Kommt es heute zu keinem Kompromiss, dann werden sich in zwei Wochen die Staats- und Regierungschefs der EU damit auseinandersetzen müssen, ob die alten Kulturnationen Europas sich wirklich fürchten müssen vor Freihandel mit dem jungen Amerika.

 

SHORTY:

Mit mehr als 800 Millionen Konsumenten und Produzenten wären Europa und Amerika gemeinsam der potenteste Wirtschaftsfaktor des Globus. Bis zum Ende seiner Amtszeit würde der amerikanische Präsident Barack Obama das Freihandelsabkommen mit Europa gerne fixieren. Die Europäer hoffen auf einen Belebung der Wirtschaft.

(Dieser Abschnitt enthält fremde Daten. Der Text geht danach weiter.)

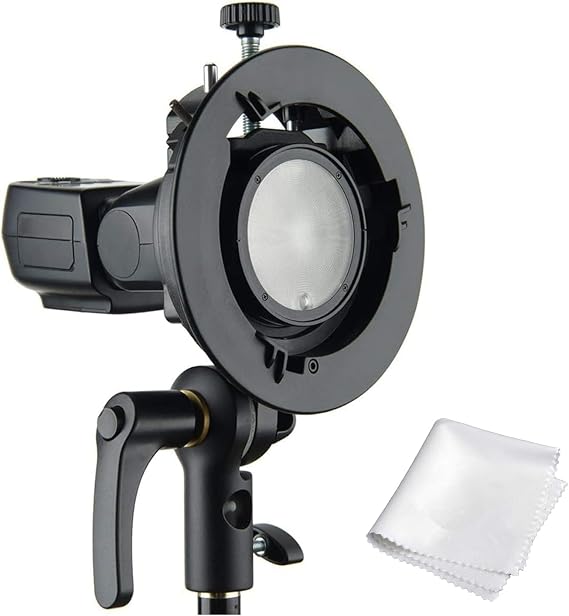 Godox S2 Speedlite S-Type Bracket Bowens Mount, for Godox V100 AD200Pro II AD400Pro AD200Pro V860II TT685 TT600 TT350, Precise Tilt Control, Large Adjustment Handle, Integrated Umbrella Mount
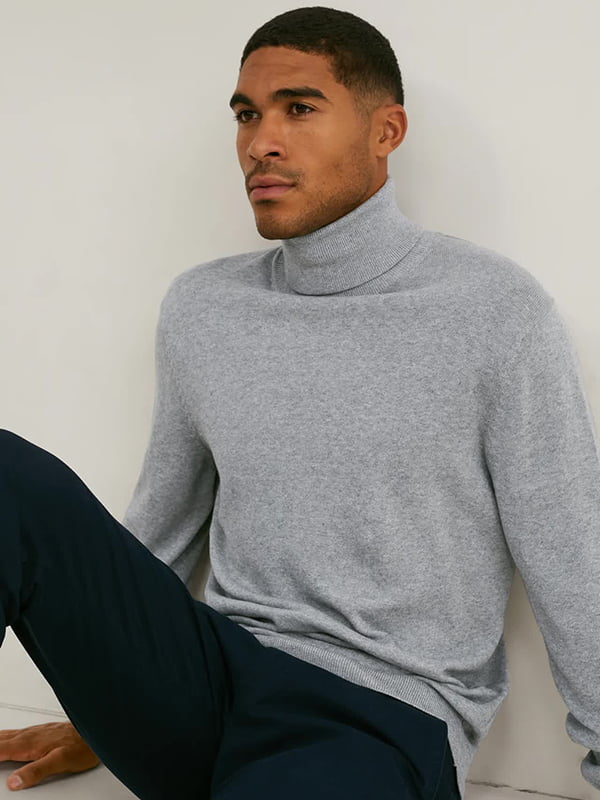 Базовий бавовняний светр сірого кольору | 6630868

Aber ob  die Verhandlungen überhaupt beginnen können ist fraglich.

Als Vorbedingung für den Verhandlungsstart verlangt Frankreich, dass gesamte Kulturbereich,  Film, Fernsehen,  Musik und Internet ausgenommen werden.

Der zuständige Außenhandelskommissar verspricht hoch und heilig, dass  die europäische Kulturförderung nicht in Frage gestellt wird. Nur Vorbedingung will er keine, denn dann würden auch in den USA einflussreiche  Lobbys  ihrerseits Ausnahmeregeln verlangen.

Eine schwierige Entscheidung für die EU-Handelsminister, die ihren Verhandlungsauftrag einstimmig erteilen müssen.